By Rabbi Rachel Esserman
I remember the first time I accepted the label “disabled.” When I had what I now think of as my final drop in hearing, I continued to search for a medical solution. What I did not yet realize – or maybe was just unwilling to admit – was that I had a permanent disability – one for which there was no known medical cure. My acceptance occurred after a counselor at VESID (AKA the Office of Vocational and Educational Services for Individuals with Disabilities) suggested I apply for Social Security Disability Insurance. Several people immediately recommended lawyers I could contact when my application was turned down. Surprise! Rather than a letter rejecting my request, a check with my first SSDI payment arrived in the mail. My brain finally said, “Wow, you must really have a disability.”
I’d been thinking about this since I read Julia Watts Belser’s “Loving Our Own Bones: Disability Wisdom and the Spiritual Subversiveness of Knowing Ourselves Whole” and reviewed it for my annual Temple Concord Sisterhood book review. Belser is not the first disability activist I’ve read and not the first with whom I’ve had some disagreement. I understand her rejection of medical solutions: she wants the world to offer complete acceptance of those with disabilities and to focus on making this world safer and easier for them. To me, that’s fine as long as there are no medical solutions. However, if there was a safe way to cure my hearing problem, I would have taken it. In fact, I tried medical solutions until I faced one that I thought was too dangerous.
But then she offered a story about a deaf boy as an example. Someone tells him that he will be able to hear in heaven. The boy replies that God will be able to sign. It’s a wonderful story and I hate it. If there is a heaven, I want to be able to hear. I know what I’m missing and I want it back. Sure, I’ve learned to live without normal hearing, but that’s because I was forced to in order to find work and support myself.
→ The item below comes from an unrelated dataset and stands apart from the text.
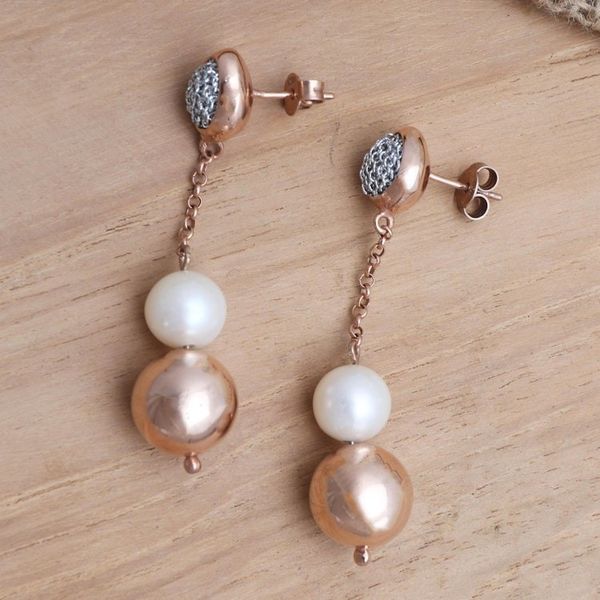 Alternate image for Rose Gold-Plated Cultured Pearl Dangle Earrings Rosy Lanterns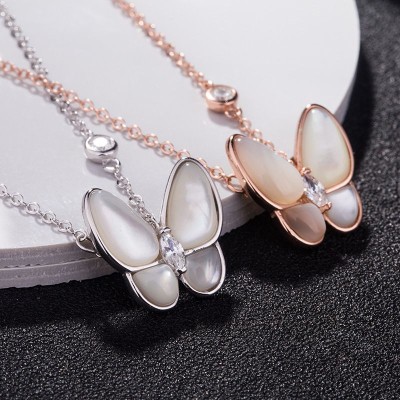 Sterling Silver Mother of Pearl Butterfly Necklace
My mother, on the other hand, would have spent her life taking me to doctor’s offices to find a cure for my hearing loss. But after I refused to take a medicine I felt was dangerous, I decided to focus on learning to accept my limitations and move on because this is the only life I’m going to get. That meant not spending time trying for impossible results and instead focusing on all the good things I did have in my life. The results have been mixed. I laughed at some of the misunderstandings between what was said and what I heard. (Some of them have been really funny.) I cried when realizing there was something I would have loved to have done, but didn’t have enough hearing. Attending would have been a nightmare and I was trying desperately to avoid situations that would have left me feeling depressed.
Life has been easier since the cochlear implant, but I still don’t have normal hearing. I never will. I’ve learned to live with that, as I once learned to live with the various health problems that brought me back to Endwell after graduating from college. I had also never planned to return to this area after rabbinical school, but I am a prime example of the Yiddish saying, man plans and God laughs. Plan B? Ha! I think I’m on plan H, I or J. There have been too many to keep count.
But the idea has always been to follow the saying on a poster given to me by a friend when I returned home after college: it said, “Bloom where you are planted.” The same friend recently gave me a wonderful compliment. Her daughter has health problems and my friend reminds me of my mother in her determination to help her daughter. (Yes, she is seeking a medical solution, something I mentioned before that disability activists don’t always see as necessary.) In a recent e-mail, she wrote that her daughter views me as a role model proving that you can still have a good life, even if you have a disability. I was incredibly touched because most days I don’t feel like a role model. It’s just me taking one step at a time, making things up as I go along. But that’s what life is like when you have a disability: you never know what you might have to deal with. But, sometimes, I think many of us are just taking life one step at a time and making things up as we go along.
In some ways, my disability affects almost every decision I make. Is that good or bad? I don’t think there is a good or bad choice, only a way to live the best life we can with what we are given. Yes, we should make life as easy as possible for those with disabilities – from ramps to elevators to microphones, etc. – but, ultimately the person with the disability has to determine their own life focus. Do I rail against the world because I have a disability? Do I seek medical solutions? If those don’t work, do I accept that and move on? One of the best gifts we can give ourselves is the freedom to choose. There is no one right answer for everyone.